Antimicrobial Resistance among Urology Patients with Documented Bacteriuria and Predictors of Urosepsis: A Single-Center, Retrospective Surveillance Study
Asian Journal of Research and Reports in Urology,
Aims: We aimed to identify predictors of microbiologically-proven urosepsis in Urology. Further to that, we intend to determine the microbiological diversity and incidence of antibiotic resistance among consecutive urological patients undergoing treatment in Urology department.
Study Design: This was a cross-sectional retrospective study performed in Hospital Sultanah Bahiyah, Malaysia. A database of positive urine cultures from the Urology department between 1 January 2019 and 31 January 2020 were analysed.
Methodology: All adult patients with positive urine culture were included in this study.

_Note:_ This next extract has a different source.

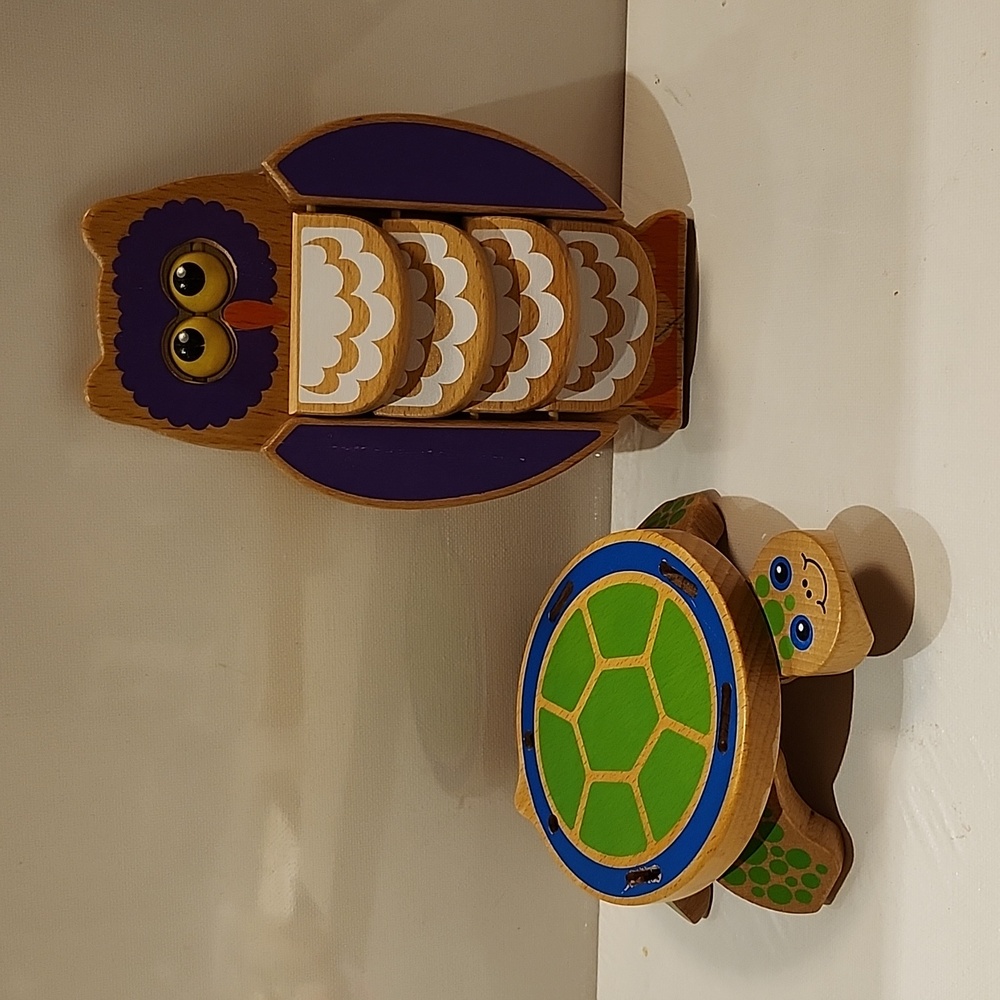 Melissa and doug flapping owl and Tuttle wooden toy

Urine cultures were performed for patients symptomatic for urinary tract infections or asymptomatic patients planned for urological procedures. A total of 348 subjects were included for analysis. Patients’ demographics and variables of interest were collected via digital clinical notes.
Results and Conclusion: 348 subjects were included. Among Urology patients with proven bacteriuria, incidence of urosepsis was 12.1%. Stepwise multivariate logistic regression revealed that younger patients, the presence of multidrug resistant organism (MDRO) isolates, pre-existing chronic kidney disease (CKD), and the presence of underlying malignancies were all predictors of Urosepsis (all p<0.05). From the total, 94% of uropathogens were Gram negative organisms with the 3 common organisms being E.coli (24%) followed by K. pneumoniae (11.8%), and P. aeruginosa (15.2%). P. aeruginosa (26.2%) were commonest in urosepsis. Antimicrobial resistance (AMR) including MDRO, is alarmingly high and concerning. In urosepsis, AMR rate was more than 10 percent for all commonly used antibiotics including carbapenems. To improve guideline development, empirical combination antibiotics therapy should be studied employing urosepsis predictors. Judicious use of antibiotics with adherence to antibiotic stewardship and infection control to curb emergence of AMR is important.